Attention Coaches and Players, This Is How You Should Warm Up:

Attention Coaches and Players, This Is How You Should Warm Up:

Whether you are working out or preparing for a practice or a game one thing you should never skip out on is a proper warm up.

A proper warm up should be anywhere from 10-15 minutes and should be mainly dynamic.

First you need to think about the purpose as to why we warm up… Increase core temperature to increase enzymatic activity, increase range of motion, activate our muscles, and positive neural effects.

I am a main believer that everything you do in life needs to have a purpose.  So whats the purpose of warming up for baseball?

Purpose: Make decisions based on improvement area (posture, lifestyle, movements to come for baseball).

Posture  and lifestyle: Sitting all day weakens the muscles needed to maintain correct posture, during a warm up it would be beneficial to warm up muscles like our pectoralis major and minor in our chest,  our iliopsoas (hip flexors), and neck flexor muscles.

Movements to come: baseball is rotational so it is important to warm up to increase  range of motion in our hips, shoulders, and thoracic spine.

Also  know the difference between static and dynamic stretching:

  • Dynamic: Dynamic stretching is a strategy used to improve mobility while moving through a range-of- motion, often in a manner that looks like the activity or sport that is going to be performed.
  • Static: Static stretching is holding a stretch without movement, usually only at the end-range of a muscle. The main goal here is to increase flexibility.

So which is better?

There has been a lot of research on static vs dynamic stretching and it all depends on  how you perform the stretch and how long you perform the stretch. In this research article, which was a systematic review of thousands of other research studies comparing static stretching and maximum muscle performance, shows that the detrimental effects of static stretching are mainly limited to longer durations (≥ 60 s).

So, if you want to increase muscle force production prior to exercise, don’t hold a stretch longer than a minute.

We already know that dynamic stretching is great for being very time efficient prior to activity because it is easy to hit multiple muscle groups with one stretch  compared to static being isolated on one muscle group. It is also great for increases range of motion in the desired muscle to increase muscle force production.

Lastly, it is very beneficial to activate muscles  of the core, trunk, glutes prior to exercise or sport. Activating these muscles basically wakes them up and tells our nervous system to help us complete the task at hand.
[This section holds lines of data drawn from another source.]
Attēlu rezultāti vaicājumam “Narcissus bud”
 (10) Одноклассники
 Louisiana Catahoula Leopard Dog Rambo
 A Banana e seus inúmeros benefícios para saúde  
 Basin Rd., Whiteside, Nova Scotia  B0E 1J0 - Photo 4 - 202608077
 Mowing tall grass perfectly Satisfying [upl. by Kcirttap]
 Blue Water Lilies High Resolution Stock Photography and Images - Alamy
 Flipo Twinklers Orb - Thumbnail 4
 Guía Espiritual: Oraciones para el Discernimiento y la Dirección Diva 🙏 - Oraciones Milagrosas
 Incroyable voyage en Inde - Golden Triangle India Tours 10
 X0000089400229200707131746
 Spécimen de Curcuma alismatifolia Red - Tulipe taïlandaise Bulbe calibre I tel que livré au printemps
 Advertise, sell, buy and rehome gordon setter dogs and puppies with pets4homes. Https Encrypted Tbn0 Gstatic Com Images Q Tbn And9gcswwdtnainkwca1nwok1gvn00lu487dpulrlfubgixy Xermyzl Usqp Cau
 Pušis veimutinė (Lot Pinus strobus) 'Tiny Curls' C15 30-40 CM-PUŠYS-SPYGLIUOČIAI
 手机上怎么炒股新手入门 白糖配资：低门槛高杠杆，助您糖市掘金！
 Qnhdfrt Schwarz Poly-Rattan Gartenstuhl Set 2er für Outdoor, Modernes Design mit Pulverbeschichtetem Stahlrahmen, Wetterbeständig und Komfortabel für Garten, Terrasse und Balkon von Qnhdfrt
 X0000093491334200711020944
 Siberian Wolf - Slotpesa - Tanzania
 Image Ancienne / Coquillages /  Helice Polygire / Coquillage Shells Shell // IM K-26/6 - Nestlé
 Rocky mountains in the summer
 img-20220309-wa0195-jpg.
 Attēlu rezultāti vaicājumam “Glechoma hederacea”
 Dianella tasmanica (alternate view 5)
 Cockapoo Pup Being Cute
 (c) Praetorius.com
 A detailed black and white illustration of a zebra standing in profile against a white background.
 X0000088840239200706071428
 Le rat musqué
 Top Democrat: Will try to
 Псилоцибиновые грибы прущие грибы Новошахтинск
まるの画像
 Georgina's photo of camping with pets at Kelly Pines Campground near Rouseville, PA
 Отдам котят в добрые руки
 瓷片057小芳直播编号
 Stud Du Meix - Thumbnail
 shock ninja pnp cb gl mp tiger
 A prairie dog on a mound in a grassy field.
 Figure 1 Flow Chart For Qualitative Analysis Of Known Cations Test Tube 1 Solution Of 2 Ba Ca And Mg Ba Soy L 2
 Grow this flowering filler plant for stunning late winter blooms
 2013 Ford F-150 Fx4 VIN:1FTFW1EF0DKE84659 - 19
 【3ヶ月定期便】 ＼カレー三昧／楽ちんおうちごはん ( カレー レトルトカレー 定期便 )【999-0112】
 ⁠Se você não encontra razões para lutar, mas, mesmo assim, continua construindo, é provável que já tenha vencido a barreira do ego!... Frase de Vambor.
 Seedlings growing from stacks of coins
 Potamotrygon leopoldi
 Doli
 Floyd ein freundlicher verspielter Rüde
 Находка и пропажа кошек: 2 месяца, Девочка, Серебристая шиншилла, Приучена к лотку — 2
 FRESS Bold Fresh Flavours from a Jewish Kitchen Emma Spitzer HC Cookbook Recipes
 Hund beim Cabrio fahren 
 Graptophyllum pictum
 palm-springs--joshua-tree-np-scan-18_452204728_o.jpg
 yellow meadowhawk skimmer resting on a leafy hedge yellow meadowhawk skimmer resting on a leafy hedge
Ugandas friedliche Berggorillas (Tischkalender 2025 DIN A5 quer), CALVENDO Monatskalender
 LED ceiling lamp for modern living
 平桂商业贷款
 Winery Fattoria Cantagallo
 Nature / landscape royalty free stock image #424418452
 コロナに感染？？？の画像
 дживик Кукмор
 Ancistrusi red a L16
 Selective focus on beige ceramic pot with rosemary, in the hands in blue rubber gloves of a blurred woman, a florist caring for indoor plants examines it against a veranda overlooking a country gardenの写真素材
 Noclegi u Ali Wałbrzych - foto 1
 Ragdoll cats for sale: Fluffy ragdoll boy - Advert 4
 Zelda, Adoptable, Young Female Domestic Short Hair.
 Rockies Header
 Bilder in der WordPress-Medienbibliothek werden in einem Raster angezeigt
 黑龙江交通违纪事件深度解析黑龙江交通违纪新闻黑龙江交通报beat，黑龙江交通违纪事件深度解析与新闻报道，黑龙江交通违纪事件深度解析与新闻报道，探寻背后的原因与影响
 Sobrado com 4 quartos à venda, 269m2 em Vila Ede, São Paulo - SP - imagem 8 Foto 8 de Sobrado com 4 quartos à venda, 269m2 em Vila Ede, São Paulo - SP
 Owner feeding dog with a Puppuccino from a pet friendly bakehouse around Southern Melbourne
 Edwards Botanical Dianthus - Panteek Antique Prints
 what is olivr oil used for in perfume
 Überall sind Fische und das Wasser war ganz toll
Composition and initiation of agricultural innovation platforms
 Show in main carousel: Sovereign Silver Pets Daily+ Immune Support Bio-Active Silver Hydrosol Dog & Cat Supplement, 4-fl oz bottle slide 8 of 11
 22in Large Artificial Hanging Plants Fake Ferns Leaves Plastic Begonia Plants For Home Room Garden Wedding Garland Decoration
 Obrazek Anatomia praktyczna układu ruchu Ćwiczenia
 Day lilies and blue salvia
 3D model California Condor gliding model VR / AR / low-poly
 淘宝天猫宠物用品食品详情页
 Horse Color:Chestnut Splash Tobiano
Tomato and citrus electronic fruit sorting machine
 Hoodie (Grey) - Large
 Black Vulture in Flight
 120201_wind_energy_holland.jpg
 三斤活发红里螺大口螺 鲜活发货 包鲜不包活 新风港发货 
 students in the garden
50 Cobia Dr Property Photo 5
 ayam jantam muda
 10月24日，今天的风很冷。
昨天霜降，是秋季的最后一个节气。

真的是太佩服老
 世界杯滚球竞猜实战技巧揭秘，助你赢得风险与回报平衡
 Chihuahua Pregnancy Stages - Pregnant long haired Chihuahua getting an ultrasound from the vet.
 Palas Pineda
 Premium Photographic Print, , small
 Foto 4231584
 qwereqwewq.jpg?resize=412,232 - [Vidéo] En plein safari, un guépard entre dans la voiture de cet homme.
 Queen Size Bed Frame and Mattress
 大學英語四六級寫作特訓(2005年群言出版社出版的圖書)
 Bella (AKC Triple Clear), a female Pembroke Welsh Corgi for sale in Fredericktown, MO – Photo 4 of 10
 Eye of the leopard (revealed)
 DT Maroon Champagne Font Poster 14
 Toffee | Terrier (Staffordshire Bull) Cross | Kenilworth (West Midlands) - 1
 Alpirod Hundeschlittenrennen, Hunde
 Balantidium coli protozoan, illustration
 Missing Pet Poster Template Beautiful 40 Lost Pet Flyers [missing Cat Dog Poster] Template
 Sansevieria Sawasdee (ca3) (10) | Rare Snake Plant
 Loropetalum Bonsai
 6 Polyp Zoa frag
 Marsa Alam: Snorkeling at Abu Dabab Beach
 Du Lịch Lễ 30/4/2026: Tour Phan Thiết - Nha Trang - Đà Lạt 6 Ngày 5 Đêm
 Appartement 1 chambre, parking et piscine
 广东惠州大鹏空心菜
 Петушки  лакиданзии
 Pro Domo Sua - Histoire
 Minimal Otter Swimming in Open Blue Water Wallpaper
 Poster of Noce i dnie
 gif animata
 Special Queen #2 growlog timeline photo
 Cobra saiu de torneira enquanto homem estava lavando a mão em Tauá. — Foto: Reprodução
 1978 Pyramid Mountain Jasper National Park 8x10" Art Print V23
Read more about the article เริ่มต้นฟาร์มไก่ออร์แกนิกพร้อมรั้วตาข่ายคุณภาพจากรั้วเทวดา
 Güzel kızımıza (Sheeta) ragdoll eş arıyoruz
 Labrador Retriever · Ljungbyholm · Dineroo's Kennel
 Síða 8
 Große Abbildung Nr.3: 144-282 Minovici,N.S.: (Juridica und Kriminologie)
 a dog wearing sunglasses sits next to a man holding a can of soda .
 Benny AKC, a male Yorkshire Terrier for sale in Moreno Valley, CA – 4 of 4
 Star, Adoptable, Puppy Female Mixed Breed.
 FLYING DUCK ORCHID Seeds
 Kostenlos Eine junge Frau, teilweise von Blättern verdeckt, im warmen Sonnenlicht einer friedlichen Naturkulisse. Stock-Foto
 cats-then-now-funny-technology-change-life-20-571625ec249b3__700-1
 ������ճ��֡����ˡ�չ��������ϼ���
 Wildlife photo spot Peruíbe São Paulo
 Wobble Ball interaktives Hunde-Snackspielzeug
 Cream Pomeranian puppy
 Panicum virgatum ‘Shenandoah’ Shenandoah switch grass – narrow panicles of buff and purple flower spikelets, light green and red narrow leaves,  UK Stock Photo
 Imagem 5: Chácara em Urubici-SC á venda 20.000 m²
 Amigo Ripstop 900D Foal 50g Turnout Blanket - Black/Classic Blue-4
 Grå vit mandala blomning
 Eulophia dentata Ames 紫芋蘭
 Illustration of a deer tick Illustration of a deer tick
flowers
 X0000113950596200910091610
These areas have high importance to help us rotate, push off the rubber, or carry out tasks needed to play any sport.

 

Example Warm up:

Dynamic Mobility:

(In a line)

Walking:

Knee grabs, Quad pulls, Lunge elbow to instep to hamstring extension, side lunges, frankensteins, hip hurdles

(Spread out)

Torso rotations, Squat to overhead reach, T-spine rotations, 90-90 hip rotations, Calf stretch, arm circles, 90-90 shoulder rotations, forearm/ wrist curls

Glute/ pillar activation:

(Spread out)

Glute Bridges, Plank,  Scap pushups

Movement prep:

(Back in lines)

Lunge with rotation, Bear crawls (slow and core tight)

Neural Activation:

(In Lines)

High knees, side shuffle, sprint (Steal base)

 

Extra:

In addition to dynamic stretching, foam rolling or using a lacrosse ball to roll out before activity has been found to increase muscle flexibility and strength and would be recommended for athletes.

 

Citations:

Kay AD, Blazevich AJ. Effect of acute static stretch on maximal muscle performance: a systematic review. Med Sci Sports Exerc. 2012 Jan;44(1):154-64. doi: 10.1249/MSS.0b013e318225cb27. PMID: 21659901.

Su H, Chang NJ, Wu WL, Guo LY, Chu IH. Acute Effects of Foam Rolling, Static Stretching, and Dynamic Stretching During Warm-ups on Muscular Flexibility and Strength in Young Adults. J Sport Rehabil. 2017 Nov;26(6):469-477. doi: 10.1123/jsr.2016-0102. Epub 2016 Oct 13. PMID: 27736289.